Жан Расин и другие (Гинзбург) - страница 155

«В Париже многие говорят со всей серьезностью, что Мольер один исправил больше пороков при дворе и в городе, чем все проповедники, вместе взятые. И я полагаю, что они правы – до тех пор пока речь идет о недостатках, являющих собой не столько преступление, сколько дурной вкус или глупое упрямство, каковы, к примеру, повадки недотрог, прециозниц, тех, кто не знает меры в моде, кто выдает себя за маркиза, кто непрестанно твердит о своем благородном происхождении, кто всегда готов показать знакомым какой-нибудь стишок своего сочинения, и так далее… Что же до распутного волокитства, зависти, мошенничества, скупости, тщеславия и других подобных пороков, – не думаю, чтобы он причинил им много вреда. Можно утверждать даже, что нет ничего лучше для пробуждения кокетства, чем эти пьесы, потому что в них постоянно поднимаются на смех старания отцов и матерей воспротивиться любовным плутням их детей…»

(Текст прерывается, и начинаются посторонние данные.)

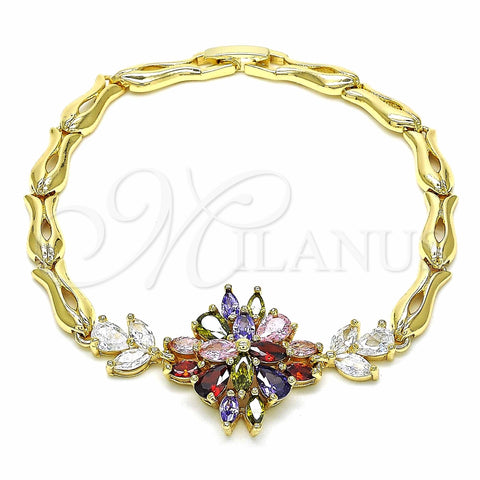 Pulsera Elegante 03.316.0074.1.08 Oro Laminado, Diseño de Flor y Pescado, con Multicolor Zirconia Cubica, Pulido, Tono Dorado (05 MM Thickness, 8 Inches Length)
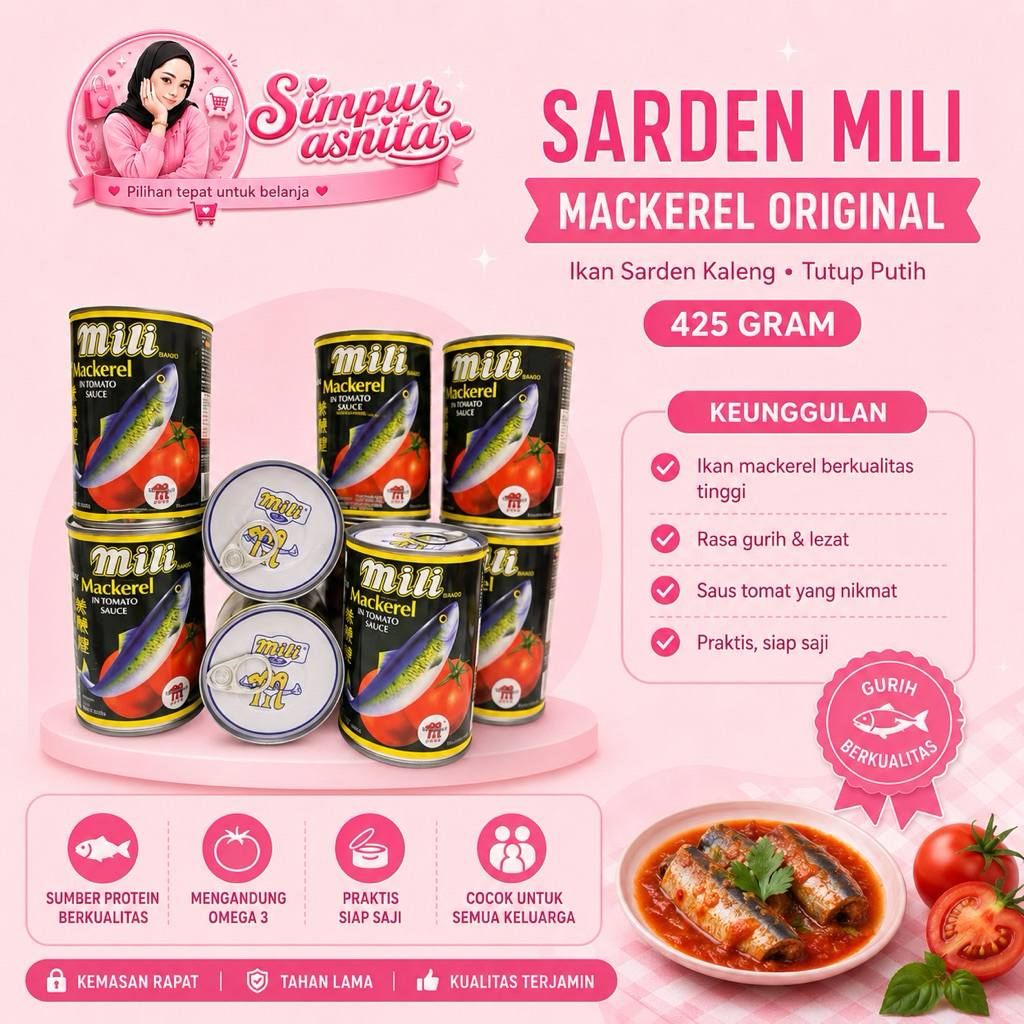 Sarden Mili Mackerel Original 425 Gram | Ikan Sarden Kaleng "Tutup Putih"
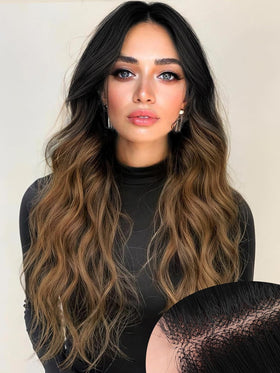 AISI HAIR 26-inch brown wavy wig front view
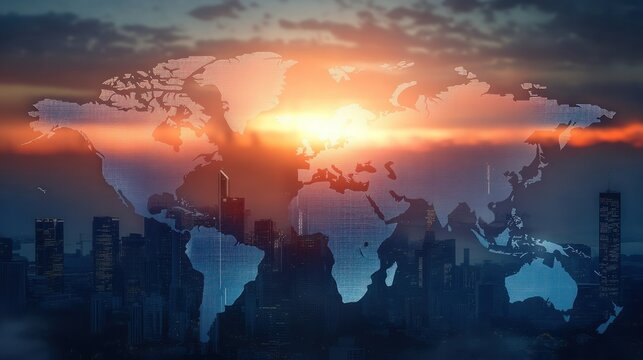 sunset over a modern city skyline with a translucent world map overlay and glowing horizon, evoking global connection, ambition and hopeful futuristic energy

И другое: «Нужно осудить речи, в которых этот строгий противник слишком широких канонов[47], этот суровый реформатор ужимок и гримас наших прециозниц разглагольствует тем не менее во всеуслышанье о преимуществах недостойного попустительства для мужей и побуждает женщин постыдными уловками мстить своим ревнивцам. Он показал нашему веку плоды, коих можно ждать от театральной морали, которая обрушивается лишь на то, над чем смеется свет, однако же нисколько не мешает ему погрязать в пороке».

Первый пассаж принадлежит протестанту, скептику и вольнодумцу, эмигрировавшему в свободомыслящую Голландию и прожившему там большую часть жизни, – Пьеру Бейлю; напечатан он был в 1684 году в издававшейся Бейлем в Амстердаме газете «Новости республики ученых». Второй – отрывок из «Максим и размышлений о театре» (1694), сочинения «хранителя Церкви именем короля» Жака-Бениня Боссюэ. Едва ли можно найти еще хоть один пример такого полного согласия между этими двумя людьми, противостоявшими друг другу решительно во всем. Но оба были моралистами крепкого закала, и оба отказывались принимать всерьез моралистические притязания Мольера.

Итак, Корнель отвечал хулителям театра неколебимой верой в благотворно-наставителъное воздействие своих сочинений и готовностью самому быть их цензором, самому убирать из них то, что такому воздействию не служит, – скажем, изображение счастливой, торжествующей любви. Мольер понемногу отходил от мысли, что прямое моральное назидание есть задача и средство театра, тем более – единственная его цель. И в образе жизни их трудно заметить следы метафизического беспокойства. Корнель, даже бывая в Париже, жил как провинциальный буржуа – уединенно и скромно, а в родном Руане, погружаясь в тихое течение налаженного, размеренного семейного быта, и вовсе мало чем выделялся среди прочих добропорядочных горожан. Уклад и ритм мольеровского существования тоже выдавали в комедианте буржуа – но буржуа столичного, предприимчивого и деятельного, точно угадывающего вкусы своих «клиентов», умеющего выполнять заказы в срок, обходить конкурентов, и, добиваясь своих целей, сохранять должное равновесие между упорством и уступчивостью. Их обоих, и автора возвышенных трагедий, и дерзкого комедиографа, театр не вырывал из круговорота «роевой жизни» и, меняя их судьбу, не менял склада души, самого тока крови в их жилах.